━━━━━ Data to process ━━━━━
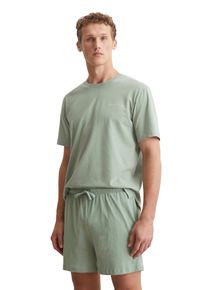 Marc O'Polo MARC O'POLO Damen Shorts "Mix & Match Cotton", Gr. M, grün, Single Jersey, Obermaterial: 100% Baumwolle, unifarben, casual, Hosen, mit Tunnelzug und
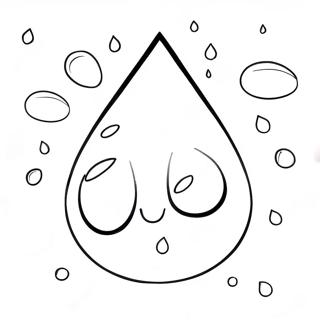 Raindrop Coloring Pages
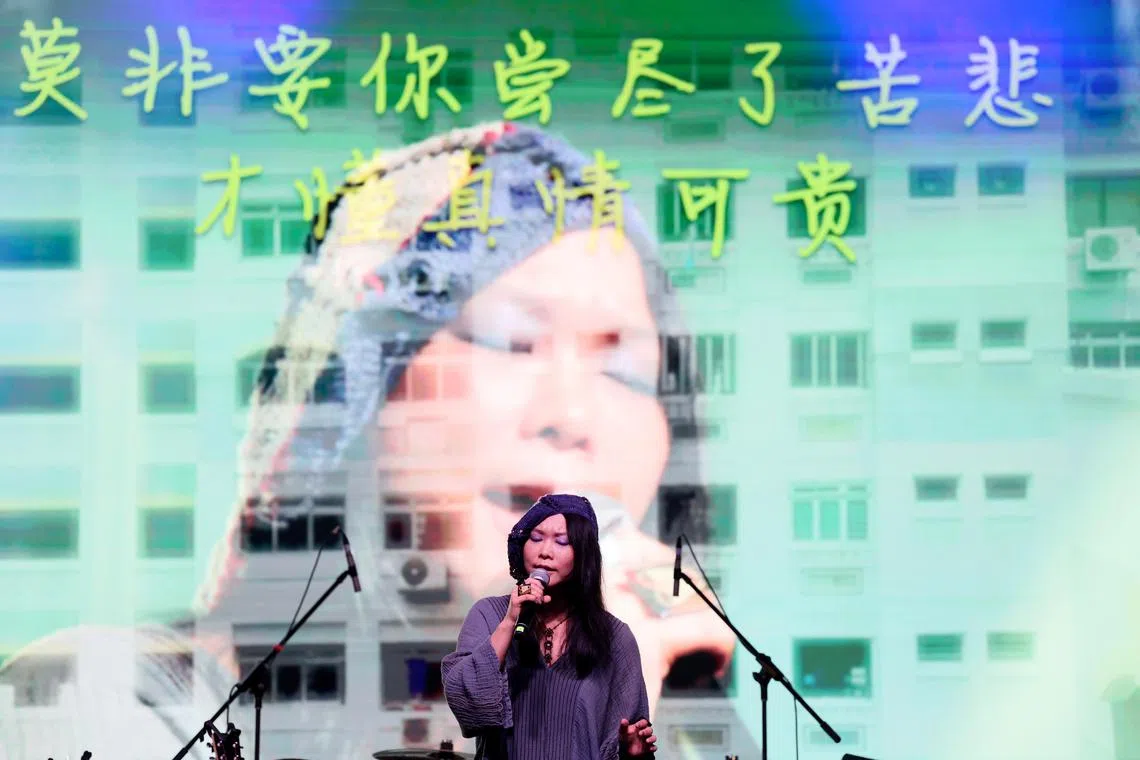 Local singer Mavis Hee performed at Lianhe Zaobao’s 100th anniversary shows in July.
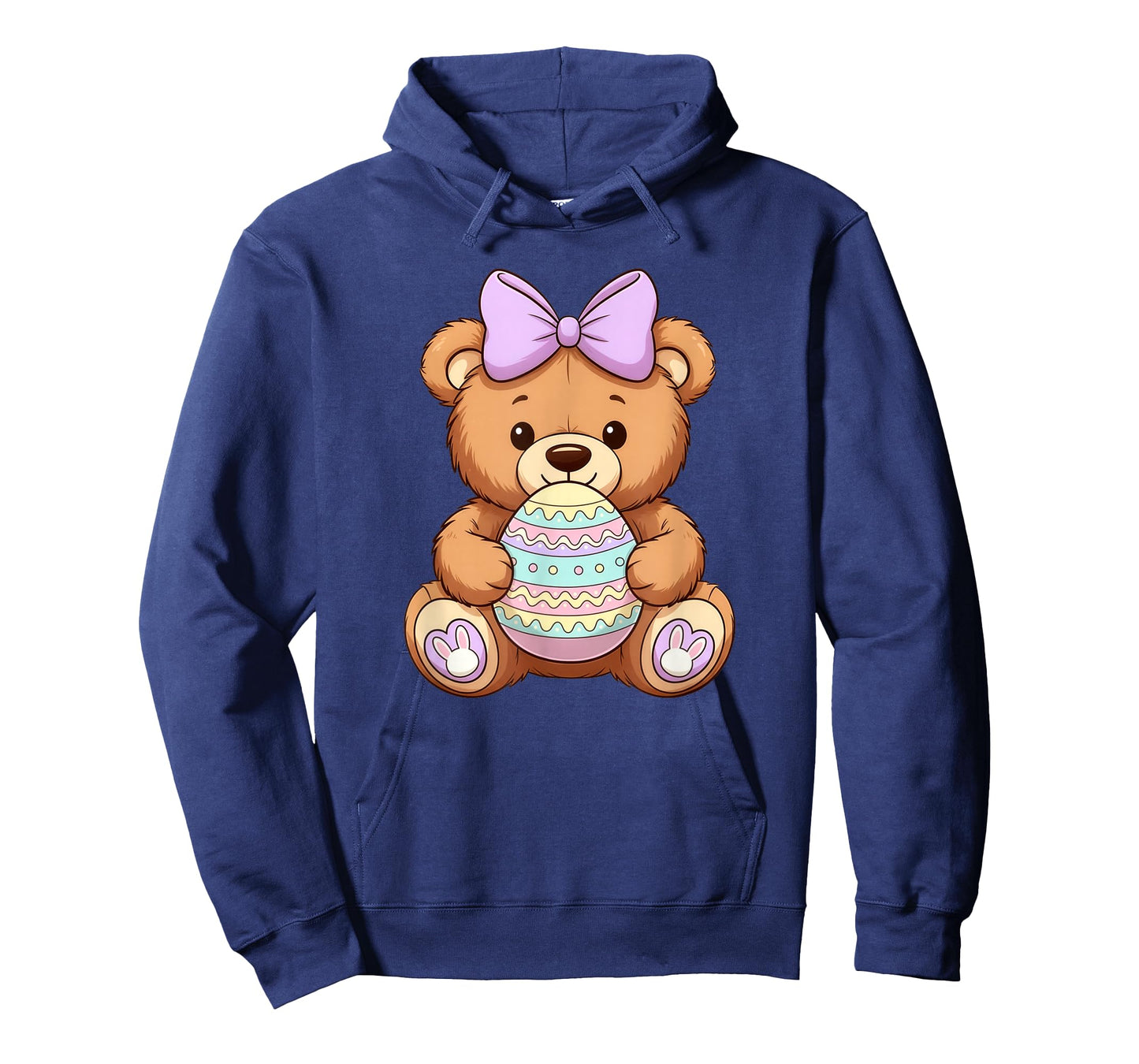 Cute Easter Teddy Bear Holding Egg Spring Coquette Aesthetic T-Shirt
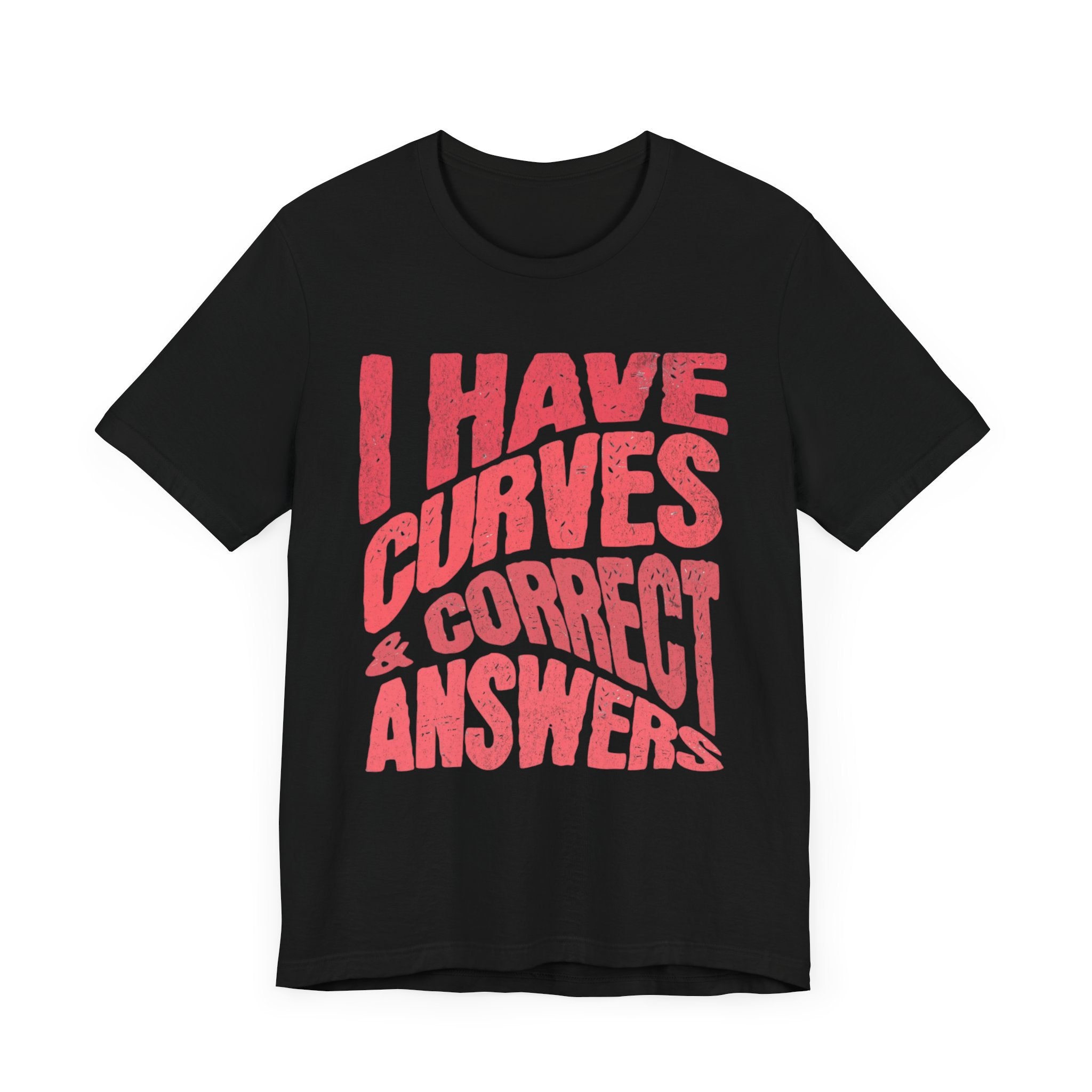 Curves & Correct Answers Premium T-Shirt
━━━━━
Starting at the line that contains "Raindrop Coloring Pages", write out every line through the final line of the entries, word for word; skip any pictures.

 Raindrop Coloring Pages
 Local singer Mavis Hee performed at Lianhe Zaobao’s 100th anniversary shows in July.
 Cute Easter Teddy Bear Holding Egg Spring Coquette Aesthetic T-Shirt
 Curves & Correct Answers Premium T-Shirt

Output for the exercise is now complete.